この細川元首相の発言に対して、国民民主党の玉木雄一郎代表は「椅子から転げ落ちるような話」だと驚いている。そして、
現行の小選挙区比例代表並立制では、二大政党制についてもう無理なんだということが確定したのではないか
であれば、連合も含めて二大政党制的な制度を目指すと言っている前提がガラガラと崩れたんじゃないか
小さな政党も存続できるし、二大政党に収斂するというよりも、むしろ最近起こっている現象で言うと、多党化をむしろ助長する制度になっているというのは、現状が証明している
そうなると多分、今の制度をいくら続けても二大政党にはならない、ということだ。

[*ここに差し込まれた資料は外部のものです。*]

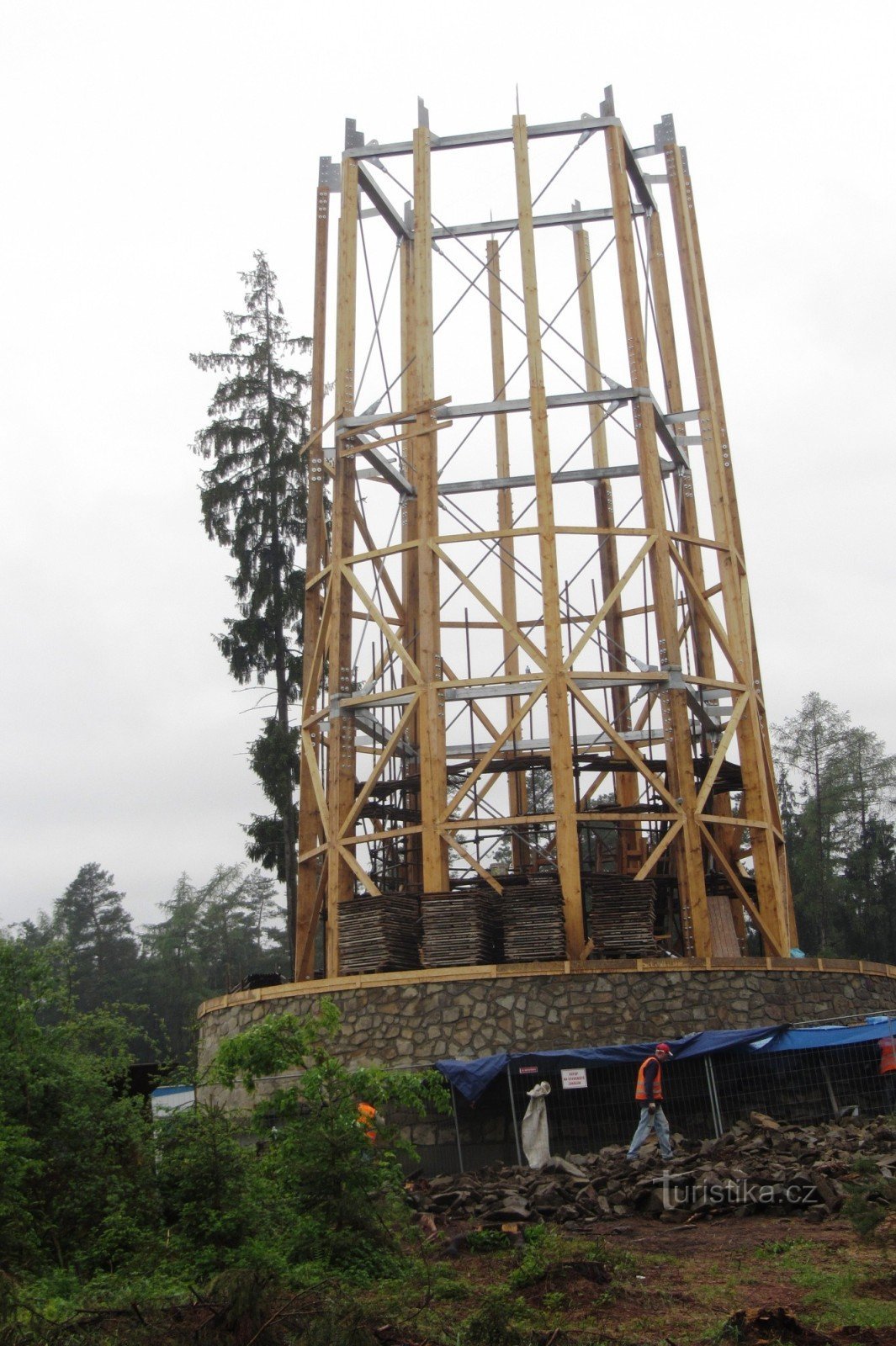 Costruzione della torre di avvistamento su Velký Kosír 2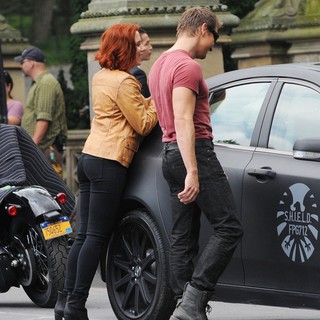 Actors on The Set of The Avengers Shooting on Location in Manhattan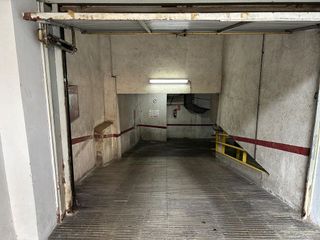 Garaje en venta en Artigas - Llefià en Badalona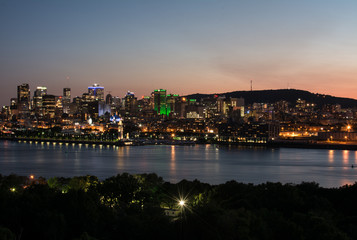 Obraz premium Montreal by night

そのことを創設者である細川さん自身が言ったということは、この30年何だったんだ?ということになる
このような制度の中で二大政党制を追い求めても『果てしない夢』になる
政権交代をするということで緊張感を生み出すというルートの緊張感の生み出し方ができないのであれば、他の戦術戦略を考えないと権力に対する緊張は、いつまでたっても生まれないということになる
などと話している。
玉木代表はかなり怒っているようだ

ま、それはそうだろう。
二大政党制を確立して政権交代が容易に実現する事によって政治の緊張感を保とうとしていた政治家にとっては、大前提が崩れてしまったようなものだ。

だが、私はまだ見捨ててはいない。
頭の悪い立憲民主党なんかがノコノコと出てくるような二大政党制は断固許してはならないが、政治的にまともな日本維新の会国民民主党両党の協力によって政権交代可能な政治体制を構築する事は絶対に不可能とは言えないだろう。
こういう事を言うと、日本維新の会や国民民主党は自民党の補完勢力であり、政策的に変わりが無いなんて批判する頭の悪いマスコミなんかがわんさかいるが、政策的な変わりなんて必要は無い
政権交代するたびに政策がコロコロと変わったりしたらむしろ大変だ。基本的な政策は変更する必要は無い
必要なのは政治家の堕落と腐敗を正す緊張感だ。そのためには、政策的には大きな変更が無くて安心感のある日本維新の会や国民民主党が大きな力を持ち、いつでも政権交代可能な体制を作る事が重要だと思うぞ。